[New Module: tombfind.py] Add tombfind module for Tombstoned objects enumeration with username, GUID, and Parent OU extraction

[5epi0l]

Description

This pull request adds a new tombfind module to NetExec that allows operators to enumerate tombstoned (deleted but recoverable) Active Directory objects via LDAP.
It supports both NTLM and Kerberos authentication and works against any domain functional level that exposes the CN=Deleted Objects container.

This contribution does not introduce any breaking changes to existing NetExec functionality. Instead, it adds a dedicated LDAP module that expands the framework’s enumeration and recovery capabilities for domain controllers

The implementation relies solely on existing project dependencies, including Impacket, and does not introduce any new third-party libraries. The module includes clear in-line documentation, structured error handling, and follows the established NetExec module patterns.

Where Kerberos-related operations are required, the module leverages Impacket’s native cryptographic and ASN.1 classes, ensuring consistency with the rest of the codebase.

Type of change

Insert an "x" inside the brackets for relevant items (do not delete options)

• Bug fix (non-breaking change which fixes an issue)
• New feature (non-breaking change which adds functionality)
• Breaking change (fix or feature that would cause existing functionality to not work as expected)
• Deprecation of feature or functionality
• This change requires a documentation update
• This requires a third party update (such as Impacket, Dploot, lsassy, etc)

Setup guide for the review

• Environment:
  • Python 3.11 (recommended) on Linux or Windows.
  • Ensure impacket is installed and all NetExec dependencies are satisfied (poetry install).
• Pre-requisites:
  • You'd need Domain Admin credentials or, another account capable of reviewing TombStoned Users
• Testing Steps:
  • Run: netexec ldap <dc-ip> -u <username> -p <password> -M tombfind to enumerate all tombstoned users.
  • Optionally, run with -o OUTPUT=<filename> to write the output to a file
  • For ticket forging, validate that .ccache files are generated and can be used with export KRB5CCNAME=... and relevant Kerberos tooling.
• Bug/feature reproduction:
  • For testing, run the module in an environment containing atleast one tombstoned object.

Screenshots (if appropriate):

Pass The Hash

Kerberos and output to a file

Checklist:

Insert an "x" inside the brackets for completed and relevant items (do not delete options)

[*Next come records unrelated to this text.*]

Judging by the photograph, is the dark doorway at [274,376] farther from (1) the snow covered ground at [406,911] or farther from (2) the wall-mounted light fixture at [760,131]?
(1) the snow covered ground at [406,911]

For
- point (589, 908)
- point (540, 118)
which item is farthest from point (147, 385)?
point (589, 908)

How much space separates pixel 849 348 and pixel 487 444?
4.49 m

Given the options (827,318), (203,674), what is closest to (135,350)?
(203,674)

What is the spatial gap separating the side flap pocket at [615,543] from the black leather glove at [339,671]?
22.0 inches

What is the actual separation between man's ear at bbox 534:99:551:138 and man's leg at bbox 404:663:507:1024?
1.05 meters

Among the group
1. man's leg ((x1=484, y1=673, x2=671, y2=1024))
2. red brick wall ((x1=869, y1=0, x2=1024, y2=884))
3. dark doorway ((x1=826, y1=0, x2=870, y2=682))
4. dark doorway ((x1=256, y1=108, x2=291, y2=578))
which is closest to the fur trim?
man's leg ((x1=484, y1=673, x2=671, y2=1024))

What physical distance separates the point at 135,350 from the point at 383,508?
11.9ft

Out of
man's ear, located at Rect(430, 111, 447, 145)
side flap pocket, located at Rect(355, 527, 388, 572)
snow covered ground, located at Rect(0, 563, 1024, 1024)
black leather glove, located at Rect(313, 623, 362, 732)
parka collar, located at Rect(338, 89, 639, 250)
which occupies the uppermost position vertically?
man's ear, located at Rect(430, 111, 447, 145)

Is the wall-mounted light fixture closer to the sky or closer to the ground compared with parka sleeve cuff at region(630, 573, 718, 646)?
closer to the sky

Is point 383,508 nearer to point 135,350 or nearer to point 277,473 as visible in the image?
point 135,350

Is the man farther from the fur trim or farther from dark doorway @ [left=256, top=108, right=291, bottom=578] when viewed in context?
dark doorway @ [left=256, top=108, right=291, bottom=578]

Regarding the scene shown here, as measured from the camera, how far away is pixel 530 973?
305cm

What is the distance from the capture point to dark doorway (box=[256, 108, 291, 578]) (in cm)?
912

• I have ran Ruff against my changes (via poetry: poetry run python -m ruff check . --preview, use --fix to automatically fix what it can)
• I have added or updated the tests/e2e_commands.txt file if necessary (new modules or features are required to be added to the e2e tests)
• New and existing e2e tests pass locally with my changes
• If reliant on changes of third party dependencies, such as Impacket, dploot, lsassy, etc, I have linked the relevant PRs in those projects
• I have performed a self-review of my own code
• I have commented my code, particularly in hard-to-understand areas
• I have made corresponding changes to the documentation (PR here: https://github.com/Pennyw0rth/NetExec-Wiki)

[NeffIsBack]

Hi and thanks for your work!

However, i fear this is duplicate to #736. You could check if the implementation matches your idea and give input if you find issues/features are missing which you have implemented.

[5epi0l]

Hi, thanks again for the review.

I compared my implementation with PR #736 as suggested. Functionality-wise they overlap, and the PR #736 extends on it by adding the capability to restore objects, but there are still a couple meaningful differences:
• My module formats the output in a cleaner and more readable way, which makes it easier to use during engagements.
• My module also provides LDAP page size control, which can be useful in larger environments or when dealing with many deleted objects.
• If useful, I’d be happy to adapt my “finding” logic and formatting improvements into the existing PR, or collaborate so the maintainers can take the best parts of both.

If the team prefers using #736 as the base, no problem — just let me know if my output formatting, page size control, or code structure would be beneficial, and I can help merge it in.

Thanks for the time and the feedback.

[NeffIsBack]

As #736 is the first PR i think we should go forward with this one, but please feel free to discuss/collaborate with the author to implement changes you feel are superior in your implementation. I haven't looked at the structure that much, so i can't say which approach i like better.
Regarding the page size control, either way LDAP queries should use the search() function of the NetExec LDAP connection object which wraps the impacket search function and adds logic for size control, errors etc.